Electricity - Basic Navy Training Courses
NAVPERS 10622 - Chapter 8

Chapter 8
the SERIES CIRCUIT
WHY KNOW CIRCUITS?

You have a good chance to outrank the bull in the China shop - just try fooling around with circuits before you know what you're doing! After burning up a few instruments at one hundred dollars per copy, you'll probably wind up electrocuting yourself or your shipmates!
Electrical circuits are the power carriers of the electrical system. When they are connected properly, they are efficient and trouble free. BUT, foul them up by improper connections and they'll put your whole system out of commission.
The few circuits you have been made acquainted with are SIMPLE circuits - only a source, its load, and the connecting wires. Few practical circuits can be so simple. For example, it would be a terrific waste if EVERY electrical load had its OWN generator and its OWN feeders. Imagine the confusion of cables, lines, and wires if every light, every motor, every telephone, every heater, had its own separate feeder lines directly from the dynamo room. For reasons of ECONOMY and EFFICIENCY, therefore, most circuits are, actually VERY COMPLEX. They are designed so that ONE generator can feed MANY electrical loads. But no matter how complex any particular circuit becomes, it is one of three general types - the SERIES, the PARALLEL, or the SERIES-PARALLEL.

Every electrical load is designed to contain a specific resistance and operate at a certain rated voltage. The resistance of the road controls the amount of current at the rated voltage. The proper type of circuit connection insures the load of its rated voltage and current. Imagine the fireworks if a searchlight got 200 volts instead of 95 volts. Or - you'd wait a long time for chow from a 220 volt galley stove connected on a 110 volt line. Both these things could happen by using incorrect connections.
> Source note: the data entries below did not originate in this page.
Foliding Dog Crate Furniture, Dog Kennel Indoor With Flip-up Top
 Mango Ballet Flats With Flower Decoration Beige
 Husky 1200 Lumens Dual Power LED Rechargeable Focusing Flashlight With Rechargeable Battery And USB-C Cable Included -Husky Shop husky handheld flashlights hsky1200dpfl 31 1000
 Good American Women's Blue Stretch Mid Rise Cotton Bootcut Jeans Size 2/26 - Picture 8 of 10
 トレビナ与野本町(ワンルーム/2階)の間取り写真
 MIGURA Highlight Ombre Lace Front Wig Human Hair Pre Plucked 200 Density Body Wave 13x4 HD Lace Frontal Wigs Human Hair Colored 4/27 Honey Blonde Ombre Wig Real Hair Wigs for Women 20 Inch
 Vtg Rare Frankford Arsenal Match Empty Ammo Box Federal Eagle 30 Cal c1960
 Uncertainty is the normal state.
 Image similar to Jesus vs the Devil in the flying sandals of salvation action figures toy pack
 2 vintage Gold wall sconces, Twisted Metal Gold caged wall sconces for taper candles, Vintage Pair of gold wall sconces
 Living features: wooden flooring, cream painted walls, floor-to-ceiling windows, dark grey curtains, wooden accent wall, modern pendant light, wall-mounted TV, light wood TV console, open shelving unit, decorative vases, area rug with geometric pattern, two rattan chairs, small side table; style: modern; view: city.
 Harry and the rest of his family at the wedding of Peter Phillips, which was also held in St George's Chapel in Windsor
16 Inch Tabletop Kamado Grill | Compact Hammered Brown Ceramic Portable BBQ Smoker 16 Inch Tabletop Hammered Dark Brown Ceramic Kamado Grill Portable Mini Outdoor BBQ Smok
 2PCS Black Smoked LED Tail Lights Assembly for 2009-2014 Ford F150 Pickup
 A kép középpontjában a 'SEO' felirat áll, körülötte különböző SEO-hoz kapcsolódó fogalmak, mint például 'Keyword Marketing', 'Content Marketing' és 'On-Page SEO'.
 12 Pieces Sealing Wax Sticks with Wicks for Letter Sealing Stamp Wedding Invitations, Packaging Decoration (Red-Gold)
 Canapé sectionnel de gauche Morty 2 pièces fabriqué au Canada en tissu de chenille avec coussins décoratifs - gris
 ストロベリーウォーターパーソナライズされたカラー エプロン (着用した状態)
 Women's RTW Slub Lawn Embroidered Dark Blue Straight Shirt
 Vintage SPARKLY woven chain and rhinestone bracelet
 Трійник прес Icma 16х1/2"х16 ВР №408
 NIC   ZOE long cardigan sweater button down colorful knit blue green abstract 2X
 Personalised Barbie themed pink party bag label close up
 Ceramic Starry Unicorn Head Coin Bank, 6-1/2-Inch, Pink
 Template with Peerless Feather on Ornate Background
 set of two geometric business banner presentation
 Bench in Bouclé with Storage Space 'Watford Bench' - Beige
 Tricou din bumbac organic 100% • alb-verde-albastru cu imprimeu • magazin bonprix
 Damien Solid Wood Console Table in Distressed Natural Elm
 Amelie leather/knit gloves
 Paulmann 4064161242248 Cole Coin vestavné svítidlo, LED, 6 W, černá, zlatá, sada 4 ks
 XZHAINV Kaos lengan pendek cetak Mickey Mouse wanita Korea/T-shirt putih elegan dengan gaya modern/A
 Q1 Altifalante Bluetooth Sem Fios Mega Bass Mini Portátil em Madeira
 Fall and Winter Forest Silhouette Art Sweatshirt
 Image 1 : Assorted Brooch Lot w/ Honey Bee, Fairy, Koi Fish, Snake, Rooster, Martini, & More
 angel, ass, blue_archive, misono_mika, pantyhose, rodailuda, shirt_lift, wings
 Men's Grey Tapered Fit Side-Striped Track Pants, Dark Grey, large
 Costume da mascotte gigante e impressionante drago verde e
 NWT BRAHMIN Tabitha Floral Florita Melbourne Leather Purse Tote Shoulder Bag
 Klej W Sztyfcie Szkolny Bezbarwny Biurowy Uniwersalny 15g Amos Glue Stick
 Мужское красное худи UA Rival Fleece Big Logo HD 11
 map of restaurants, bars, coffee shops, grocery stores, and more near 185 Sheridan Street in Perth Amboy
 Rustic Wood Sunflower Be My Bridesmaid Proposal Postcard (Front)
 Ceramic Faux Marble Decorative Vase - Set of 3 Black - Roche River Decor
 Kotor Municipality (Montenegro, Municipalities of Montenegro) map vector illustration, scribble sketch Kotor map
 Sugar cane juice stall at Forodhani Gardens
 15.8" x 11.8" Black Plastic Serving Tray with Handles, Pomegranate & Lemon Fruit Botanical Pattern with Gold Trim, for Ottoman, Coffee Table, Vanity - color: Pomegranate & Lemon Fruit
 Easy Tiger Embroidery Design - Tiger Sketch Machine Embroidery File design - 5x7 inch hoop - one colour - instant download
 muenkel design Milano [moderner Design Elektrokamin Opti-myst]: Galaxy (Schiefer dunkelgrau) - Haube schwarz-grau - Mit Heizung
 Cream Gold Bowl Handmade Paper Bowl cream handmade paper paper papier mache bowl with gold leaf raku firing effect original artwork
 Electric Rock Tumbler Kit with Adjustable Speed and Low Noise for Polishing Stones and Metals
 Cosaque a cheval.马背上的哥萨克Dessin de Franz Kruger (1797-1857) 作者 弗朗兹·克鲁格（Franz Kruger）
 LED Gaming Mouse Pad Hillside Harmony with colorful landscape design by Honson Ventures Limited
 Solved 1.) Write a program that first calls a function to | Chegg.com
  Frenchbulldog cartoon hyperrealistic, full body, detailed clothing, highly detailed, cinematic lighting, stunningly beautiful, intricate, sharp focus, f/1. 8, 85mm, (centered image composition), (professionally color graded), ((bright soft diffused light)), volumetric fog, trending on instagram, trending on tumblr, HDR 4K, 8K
VOLTAGE IN SERIES CIRCUITS

The first type-the series circuit is a ONE-PATH circuit. You can always recognize a series connection by two facts-it will NEVER HAVE MORE THAN ONE CONDUCTOR CONNECTED TO ANY TERMINAL, and you will find only ONE PATH from source to load (or loads) and back to source.
Figure 37 shows a simple series circuit. In A, a voltmeter is connected across the total resistance. It reads the TOTAL voltage drop of the TOTAL resistance - in this case, 6 volts. notICE that the voltage drop which occurs in the wires is ignored. This is standard practice for short wires because the resistance is very small. But for longer wires, connecting load and source, the resistance is large and the voltage drop is appreciable. It must be considered in the circuit. In B, the voltmeter is connected across only HALF the resistance. In this case, the voltmeter reads one-half of 6 volts or 3 volts, indicating that HALF voltage is used for HALF the resistance. Now connect two voltmeters-each one across half the resistance - as in C. Each voltmeter reads 3 volts. This gives you the law for voltage drops in a series circuit. the TOTAL VOLTAGE IN ANY SERIES CIRCUIT IS the SUM OF ALL the VOLTAGE DROPS. Mathematically the law says -

E_t = E₁ + E₂ + E₃, etc.

when -
      E_t = the total voltage;
      E₁ = the voltage drop of the first load;
      E₂ = the voltage drop of the second load;
      E₃ =the voltage drop of the third load.
In figure 37, E₃ is 0; hence,
     E_t = E₁ + E₂ + E₃, etc.
     6 v. = 3 v. + 3 v. + 0

Figure 37. - Voltage in a series circuit.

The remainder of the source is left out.